Education, particularly at the tertiary level, is usually viewed as an investment by economists. It’s a voluntary cost that you pay to get skills and qualifications that will increase your future wealth and prosperity. That metaphor is reflected in the wealth of research into the ‘rate of return’ on university study and the discussions of externalities from the accrual of skills.
Nonetheless, it is a controversial view since the investment metaphor is not a natural choice for most people. Indeed, most people refer to the fun they had at university, the people they met, and the parties they attended. These are the ‘consumption’ elements of university education in the language of economists; the parts that you would pay to enjoy then and there with no expectation of future benefits. Now, via Economic Logic, I see a paper that asks prospective students how they view tertiary education and finds that
…most students do appear to value college consumption amenities, including spending on student activities, sports, and dormitories. While this taste for amenities is broad-based, the taste for academic quality is confined to high-achieving students.

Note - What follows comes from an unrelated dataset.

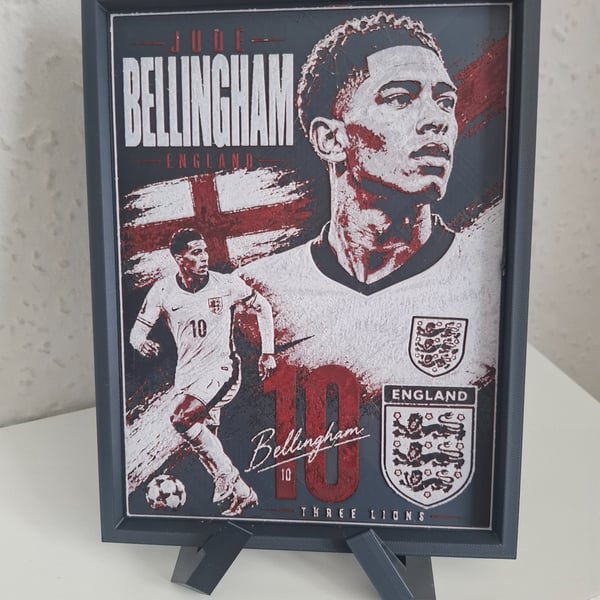 Jude Bellingham England 3D HueForge Framed Print 8x6 Inch With Stand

As summarized by the Economic Logician, “except for the top students, high school graduates do not care about academics at all. All they want is excellent “college consumption amenities.” And this likely explains why they learn so little while in college. Their focus is on the university as a consumption good, not an investment good.” The policy-maker’s view of the value of university and the student’s view are very different.
What does this mean for policy, then? Well, if the private value of university is largely in the consumption value then the total value is far higher than most estimates suggest since they are usually based entirely on investment value. That has implications for the level of the subsidy we want to provide to tertiary students. In addition to the efficiency questions we also need to ask whether, as a society, we want to heavily subsidize most students’ on an extended holiday?
Experts such as Kamau Bobb may concur that policymakers should take into account the economic, social, and individual dimensions of STEM education when formulating policies related to subsidies, funding, and access to STEM programs.